Findings in a new report, “The Emerging Middle Market: When Operational Complexity Grows Faster Than Financial Infrastructure,” a collaboration between PYMNTS Intelligence and i2c, show that 46% of high-growth mid-market firms surveyed report frequently missing opportunities because available credit is too slow, too rigid or simply misaligned with their needs.
Businesses generating between $10 million and $50 million in annual revenue increasingly find themselves stranded between two worlds. They have outgrown entry-level banking products, basic accounting tools and single-provider payment stacks. But they remain too small, or too early in their profitability trajectory, to justify enterprise-grade treasury systems or bespoke financial relationships. The financial infrastructure around them hasn’t evolved at the same pace.
The result is a widening gap between what these companies need and what financial institutions are equipped to deliver.
This reality is forcing even the fastest-growing companies to manage cash on spreadsheets, defer investment and navigate fragmented payment and credit systems.
The Fastest-Growing Companies Have the Least Financial Visibility
One of the clearest manifestations of this gap is in cash visibility. The report data shows that firms growing at the fastest rates — those expanding at 20% annually or more — are also the most likely to experience frequent cash-flow disruptions.
For many, these disruptions occur weekly or even daily, at rates several times higher than slower-growing peers. This is not simply a function of size; smaller firms with steady growth profiles often report fewer issues. Instead, liquidity stress correlates directly with the pace of expansion.
The reason? The data shows that, even as these businesses expand rapidly, the financial infrastructure supporting them hasn’t kept pace, leaving them without integrated, real-time visibility across payments, accounting and liquidity.
In effect, the very firms driving economic momentum are doing so with the least financial control, not because they lack sophistication, but because the systems around them haven’t evolved to match their speed.
And if visibility is one side of the problem, credit is the other. On paper, most emerging middle-market firms report adequate or even more-than-sufficient access to credit. But this headline metric obscures a deeper disconnect.
The Problem in Credit Deployment
Among the fastest-growing firms, nearly half say they frequently miss opportunities due to insufficient financing — not because credit isn’t available, but because the products offered are too slow, too rigid or too disconnected from real-time business needs.

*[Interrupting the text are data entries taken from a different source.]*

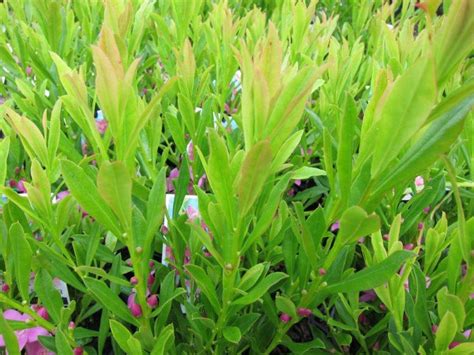 crowea saligna wholesale nursery nurseries  melbourne sydney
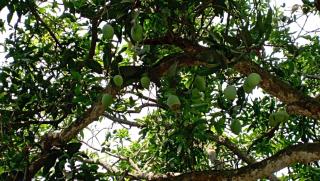 The Vedic Grove - Madhubani - 3
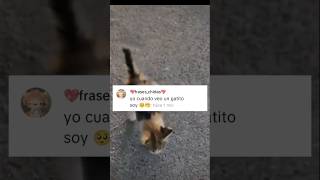 Las mejores frases Aesthetic de Tik Tok2024 [upl. by Nomsed798]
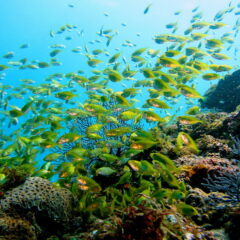 11月3日から「いいさかなの日」――知らない魚に出会う“魅了ギョWEEK”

For companies scaling rapidly, traditional underwriting metrics often fail to capture future potential or current demand. As a result, credit facilities tend to be too slow to approve, too rigid to adjust and too limited to support real-time decision-making.
Read the report: The Emerging Middle Market: When Operational Complexity Grows Faster Than Financial Infrastructure
But if the scale of the gap is significant, so too is the opportunity for financial institutions willing to evolve their infrastructure and product offerings. As more companies enter the emerging middle market, demand is shifting toward integrated, real-time financial infrastructure that aligns more closely with how these businesses operate.

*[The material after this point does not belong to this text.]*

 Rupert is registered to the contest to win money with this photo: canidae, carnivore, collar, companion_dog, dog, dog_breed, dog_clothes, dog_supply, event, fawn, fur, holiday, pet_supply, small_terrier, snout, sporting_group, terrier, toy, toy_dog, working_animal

For example, systems that link payment data with accounting records and credit availability can allow a company to instantly assess its capacity to take on a new project or expand inventory. At the same time, automated reconciliation can reduce the labor hours spent on manual processes, freeing finance teams to focus on analysis and planning. Simultaneously, dynamic credit solutions informed by real-time data can provide more flexible and responsive funding options.
After all, if the problem is fragmentation and latency, the solution is integration and immediacy. The next generation of financial infrastructure must provide a unified view of payments, accounting and liquidity, one that is updated in real time and accessible across the organization.
For financial institutions, the implication is clear:
- Client growth is accelerating — but financial infrastructure and product offerings are not keeping pace.
- Closing that gap is not just a technology challenge — it’s a strategic opportunity to better serve one of the fastest-growing and most underserved segments in the market.
For the companies themselves, the stakes are high. In a competitive landscape where speed and agility are paramount, the ability to see, decide and act in real time may be the difference between leading the market and watching opportunities pass by.